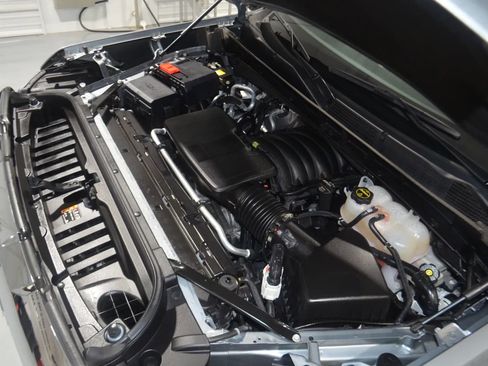 Used 2025 GMC Sierra 1500 SLT image 33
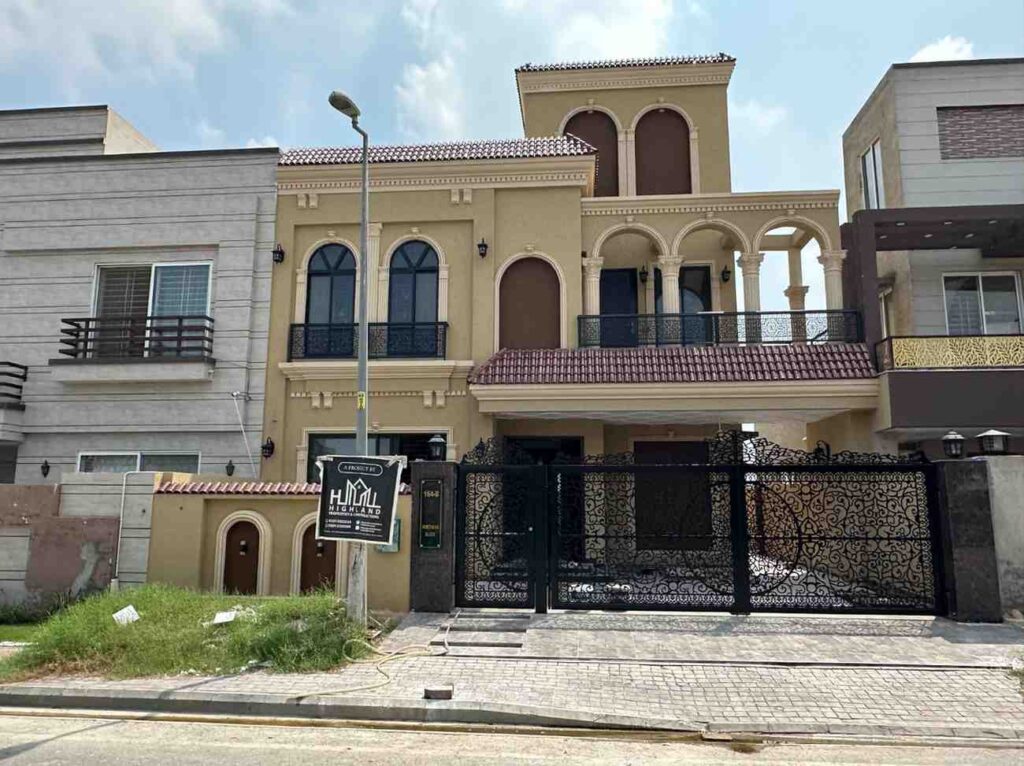 House construction company in Valencia Town Lahore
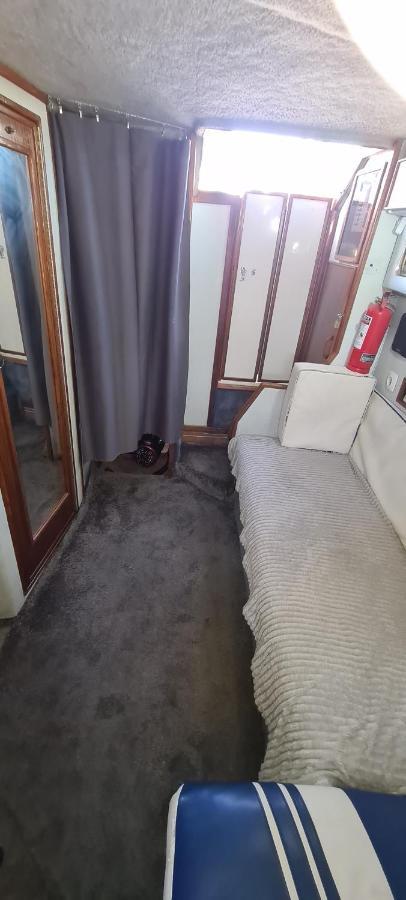 圣阿德里安-德贝索斯 Boat To Sleep In Barcelona酒店 外观 照片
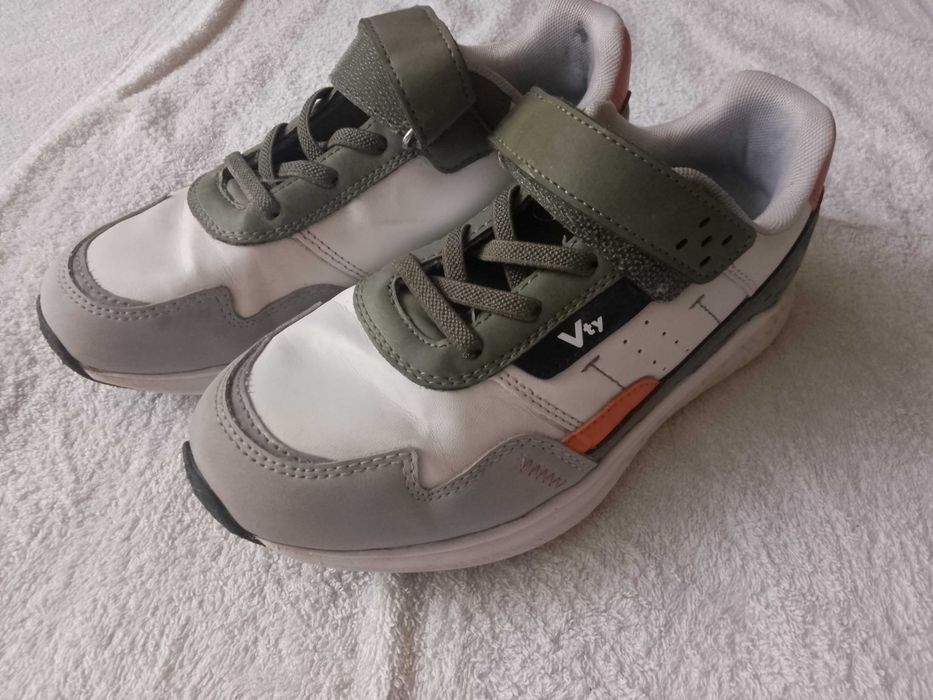 Buty Vty chłopięce 33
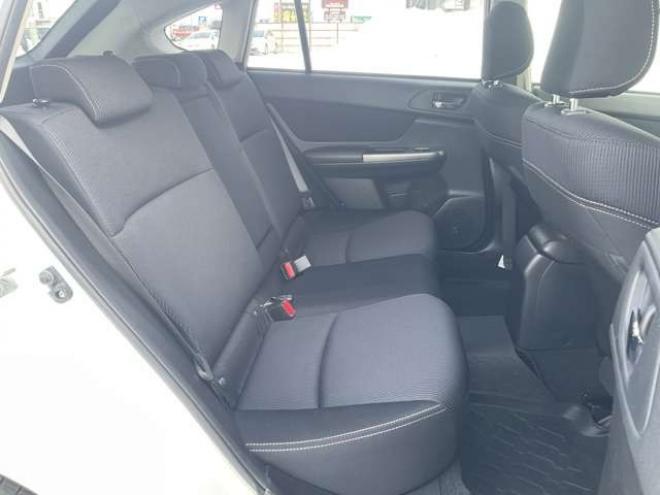 インプレッサスポーツ 2.0 i アイサイト 4WD　プッシュスタート　スマートキー　KENWOOD製ナビTV　Bluetooth バックカメラ　レーダークルーズコントロール　ETC　HIDヘッドライト　リアスポイラー　エアロ(サイド・リア) 2000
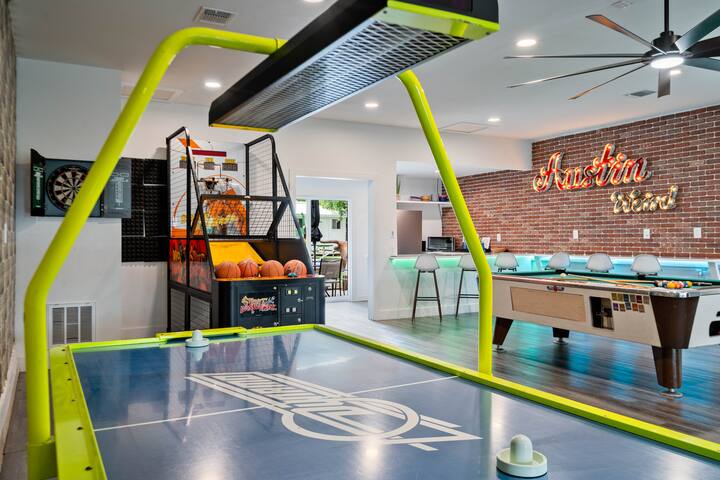 Zilker-Retreat-Arcade-Pool 5 min from DT! 12 Beds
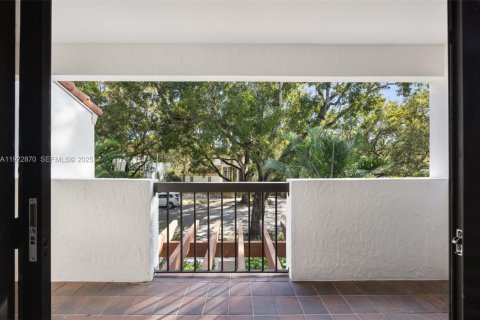 Touwnhouse à louer à Coral Gables, Floride: 2 chambres, 140.75 m2 № 1977486 - photo 22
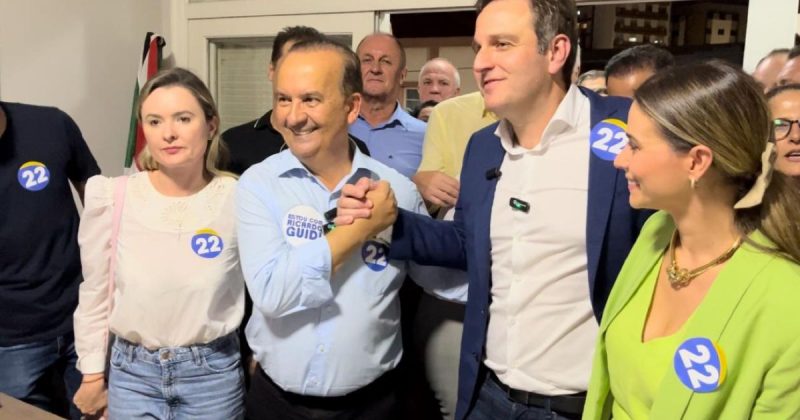 Deputado federal Ricardo Guidi e Jorginho Mello, governador de SC, apertando as mãos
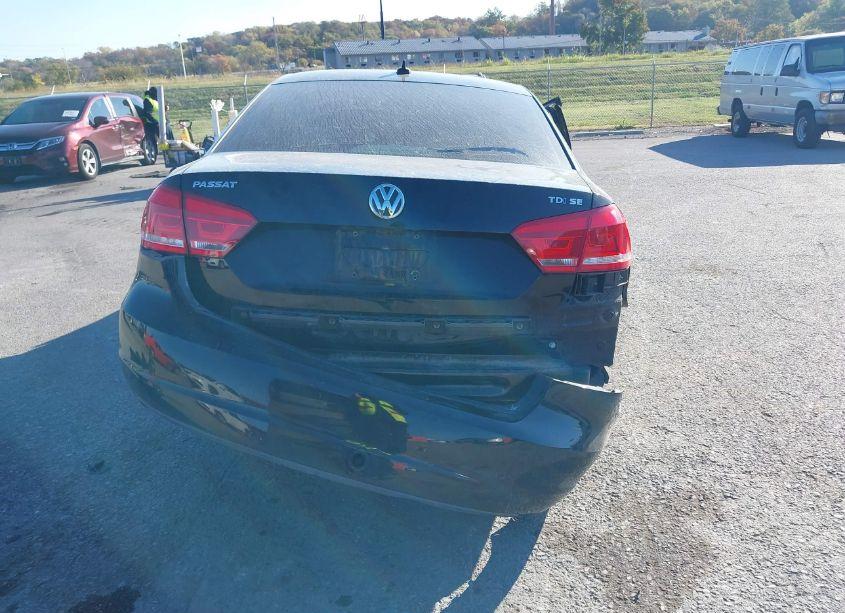 Photo 17 of 2014 Volkswagen Passat 2.0L TDI SE (VIN 1VWBN7A3XEC058874)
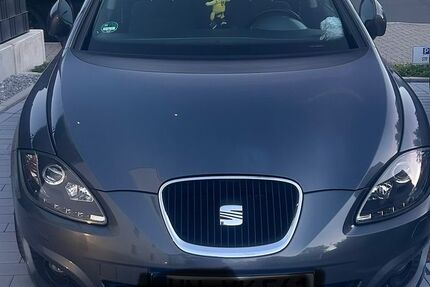 Seat Leon 147.000 km 3.950 &euro; Kamen 59174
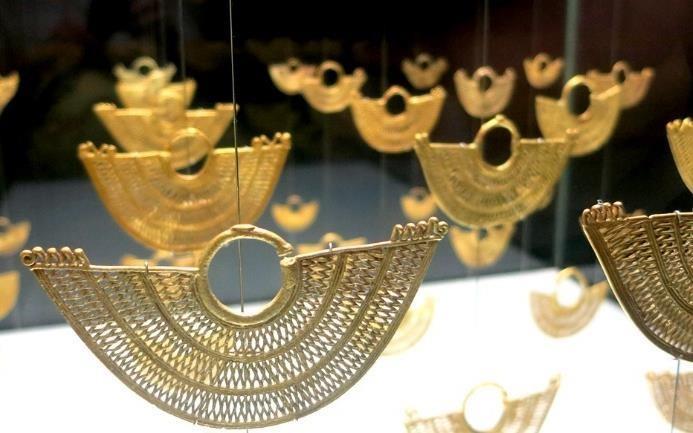 Tourist Sites The Zenú Gold Museum Inaugurated by the Bank of the Republic, in 1982 opens its doors to the public in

──────

• WHAT NEEDS TO BE DONE: Retype the line containing "Photo 17 of" and each line after it through the last line of the entries above, exactly, with no pictures and nothing else.

• WORKED SOLUTION:
 Photo 17 of 2014 Volkswagen Passat 2.0L TDI SE (VIN 1VWBN7A3XEC058874)
 Seat Leon 147.000 km 3.950 &euro; Kamen 59174
 Tourist Sites The Zenú Gold Museum Inaugurated by the Bank of the Republic, in 1982 opens its doors to the public in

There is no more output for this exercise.